In case of a say $n \geq 1$ dimensional system, $\dot{X} =AX$, where $X$ is the $n \times 1$ dimensional vector and $A $ is a $n \times n$ square matrix. The initial condition is specified as $X(0) = X_{0}$.
Now I was thinking about this - If $X(t)$ is a solution on the interval $I$, then how do we prove that the 'double derivative ' of $X$ that is $\frac{d^{2}X}{dt^2}$ is also continuous on $I$?
How do we prove this? only idea coming to mind here is - Differentiability implies Continuity and not the converse. So since $\dot{X}$ exists so it is differentiable, so $\dot{X}$ is continuous, now since $\dot{X}$ is continuous but yet we donot know about the differentiability of $\dot{X}$ that is the double derivative? still we want to prove the continuityof the double derivative of $X$ on $I$?
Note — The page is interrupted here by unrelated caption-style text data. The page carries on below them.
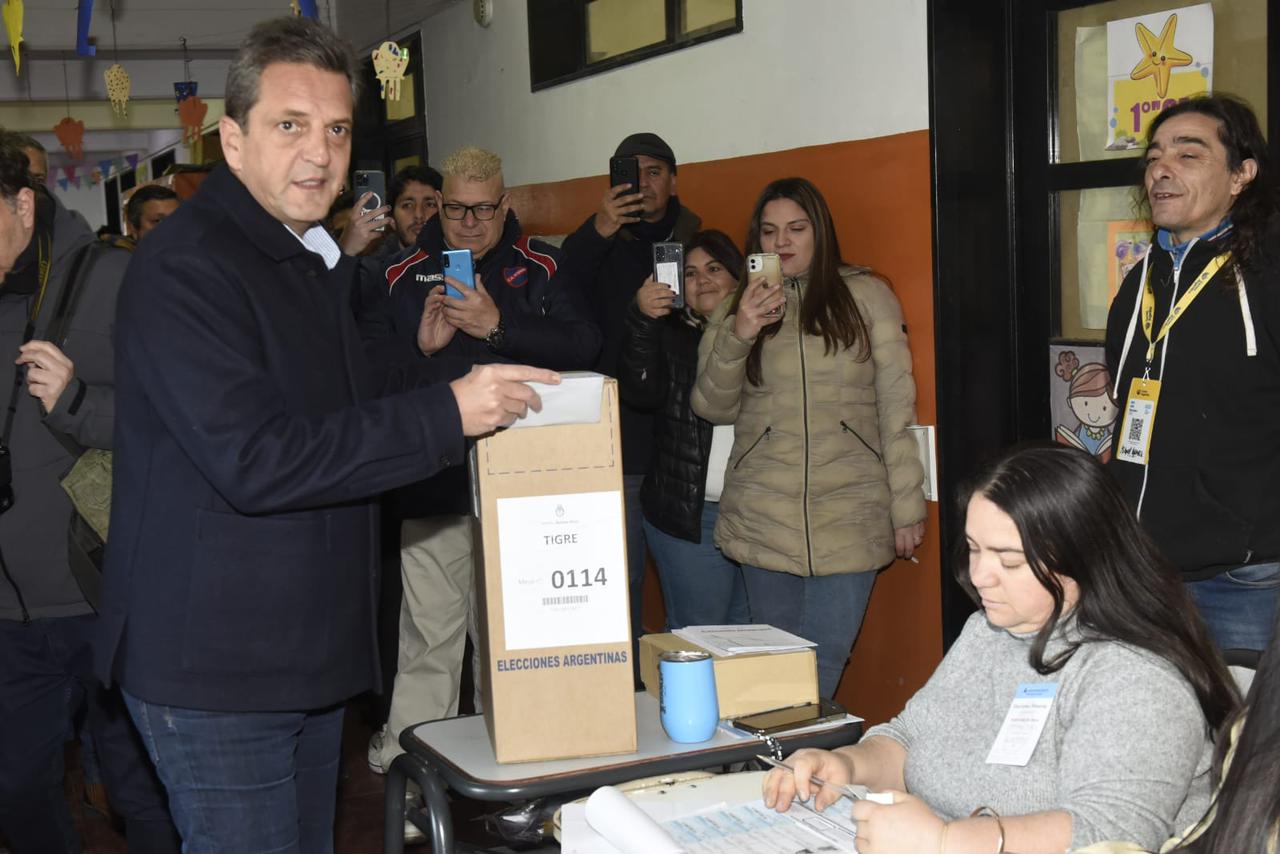 Massa: «La gente esta votando con tranquilidad y confianza»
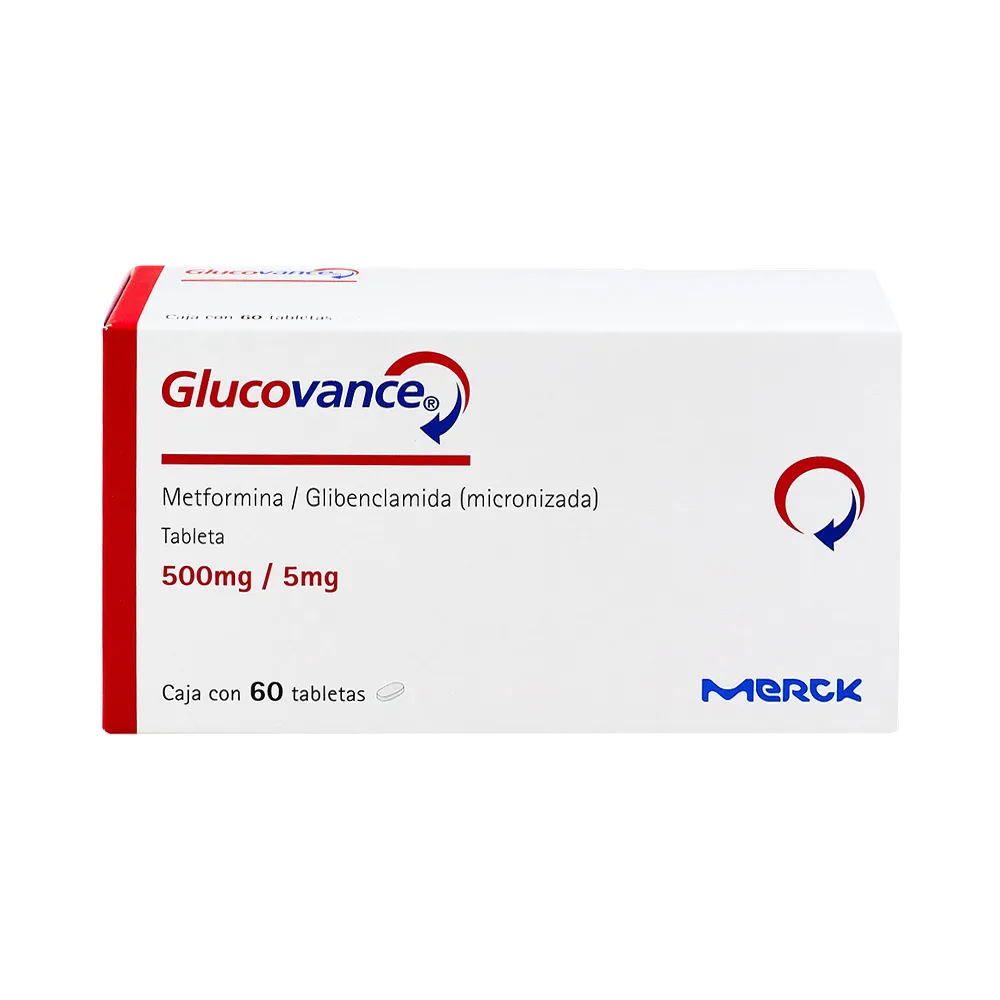 GLUCOVANCE 500MG/5MG C 60 TAB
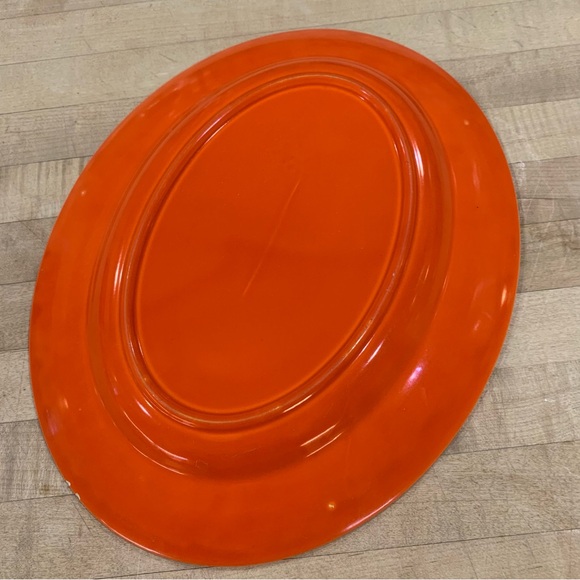 Homer McLaughlin Vintage Oval Harlequin Platter - Picture 9 of 10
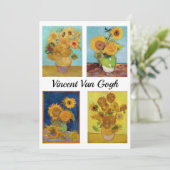 Vincent Van Gogh Sunflowers Serie Einladung (Stehend Vorderseite)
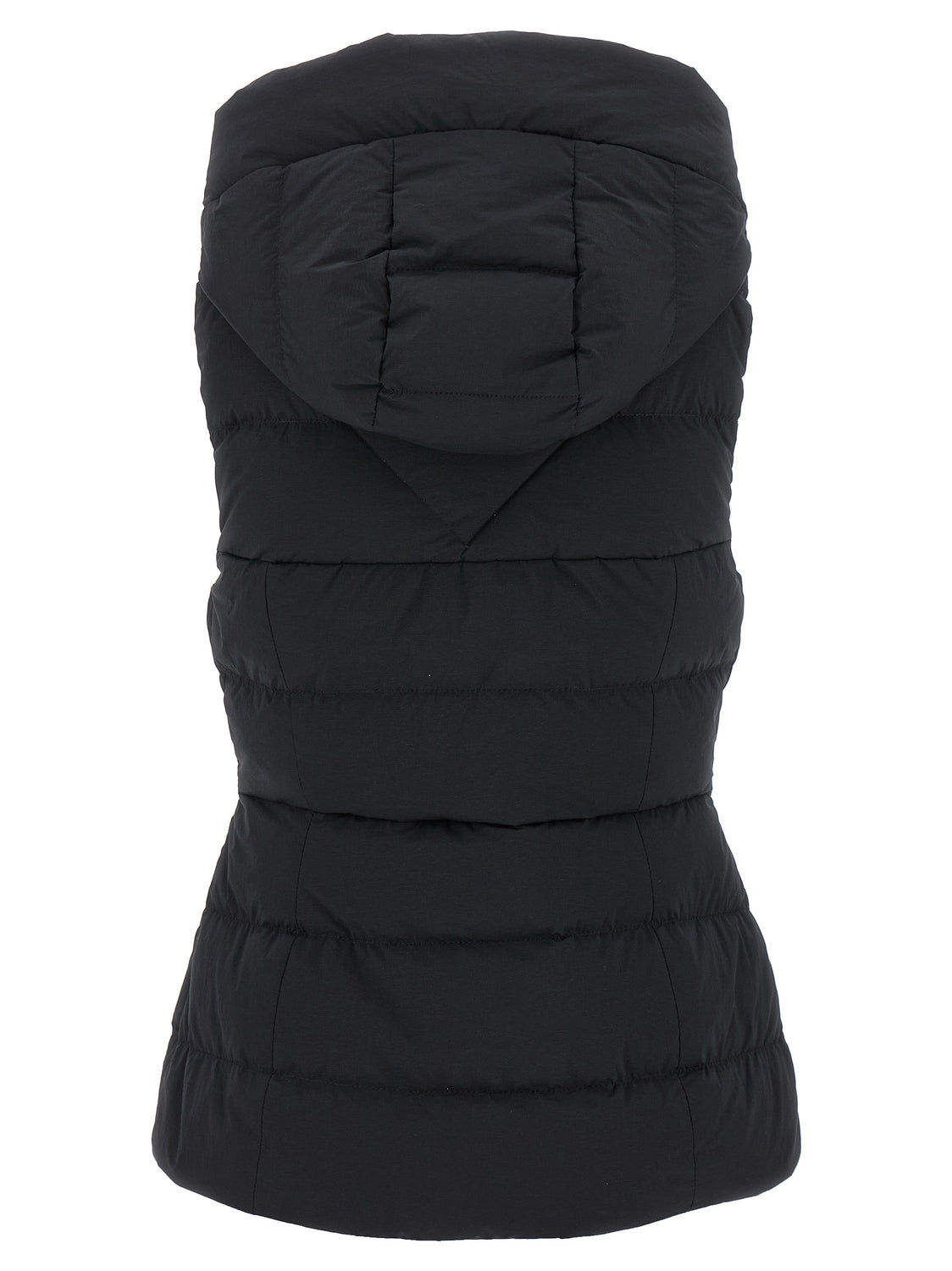 Black Polyamide Sleeveless Jacket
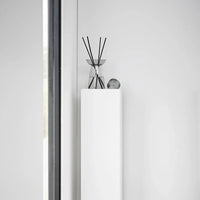 Yamazaki Tower Toiletrolhouder op wielen smal - Wit - afbeelding 2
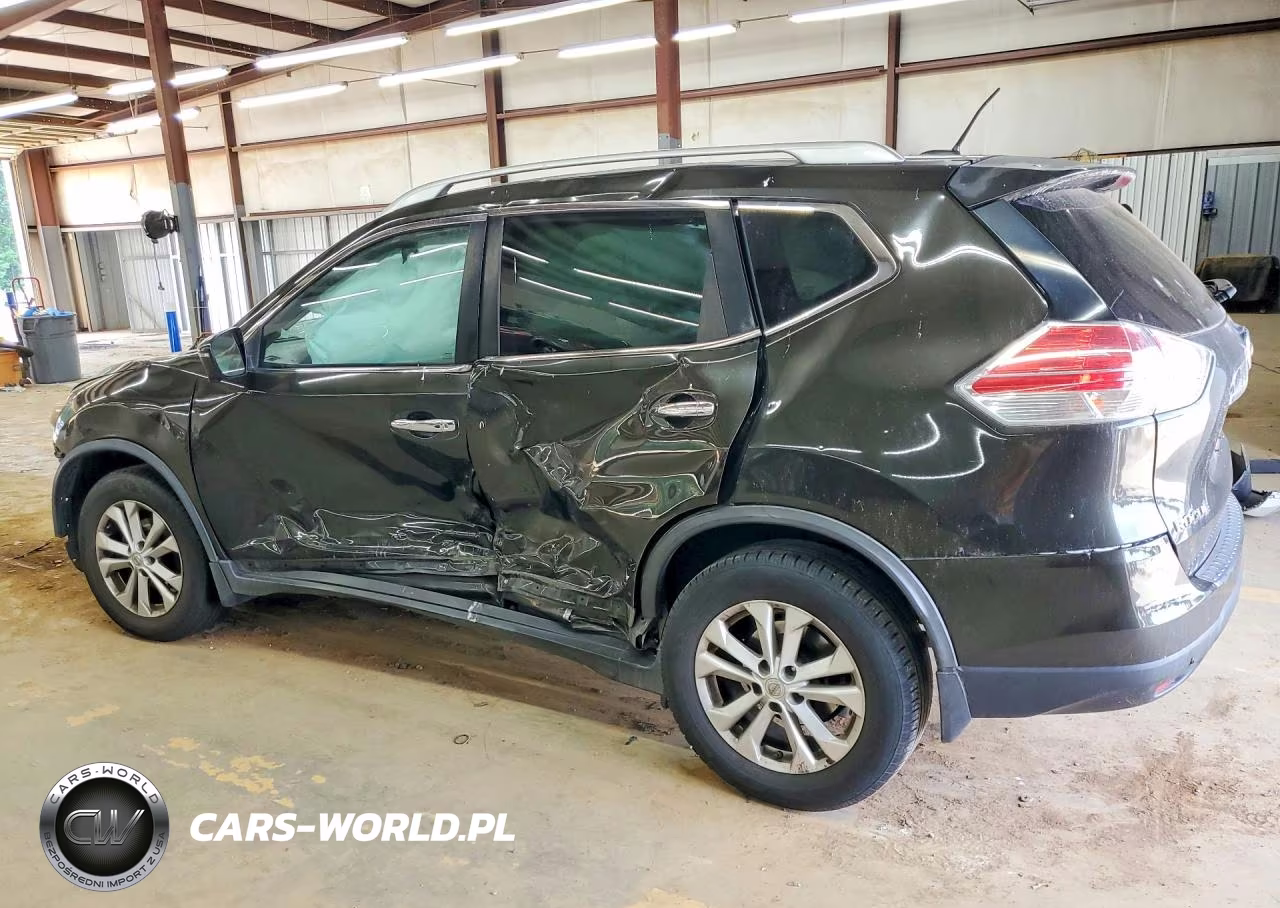 2016 Nissan Rogue Sv VIN:KNMAT2MVXGP654857 - 2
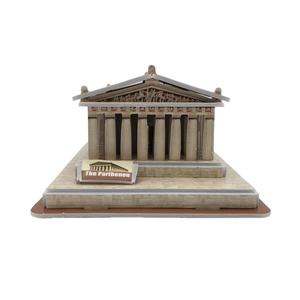 3D Puzzle <span class=keywords><strong>il</strong></span> tempio del <span class=keywords><strong>partenone</strong></span> architettura greca Unisex giocattolo di carta per bambini Puzzle di plastica regalo di compleanno perfetto - Product Image 1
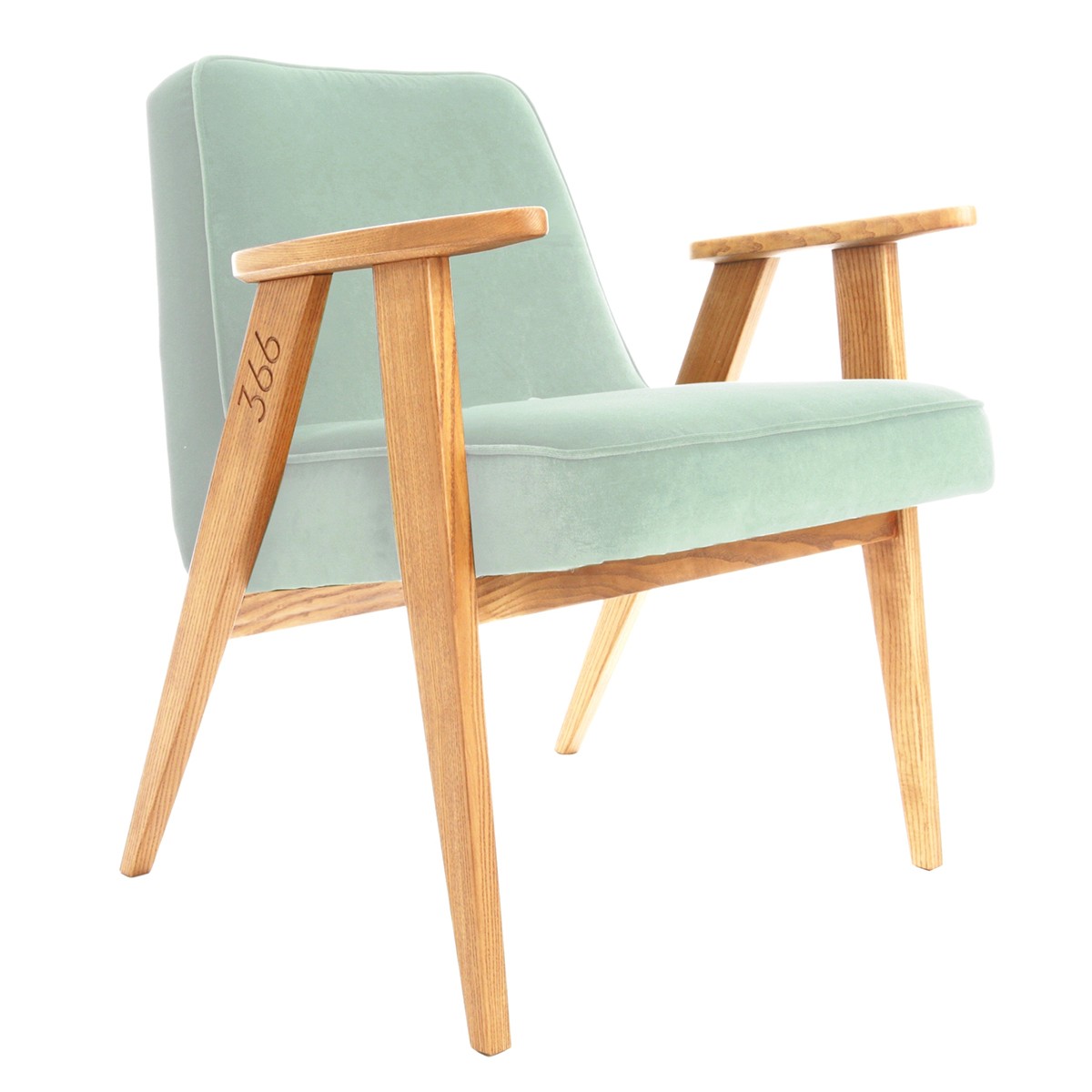 Chaise scandinave vert eau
To elaborate on Alan Muniz's comment:
Suppose you want to solve an ODE of the form $\dot{x}(t)=F(x(t))$, where $x$ should be a function $\mathbb{R}\to\mathbb{R}^n$ and $F\in C^K(\mathbb{R}^n\to\mathbb{R}^n)$. A strong solution has at least one derivative; i.e. $x\in C^1(\mathbb{R}\to\mathbb{R}^n)$. I claim that in fact $x\in C^{K+1}$.
To see this, work by induction. Suppose $x$ has $k$ derivatives, with $k\leq K$. Since the existence of derivatives is preserved by function composition (that's the chain rule), we have $F\circ x\in C^k$. But $\dot{x}=F\circ x$, so $x$ has a $(k+1)$st derivative. Now repeat until $k=K+1$.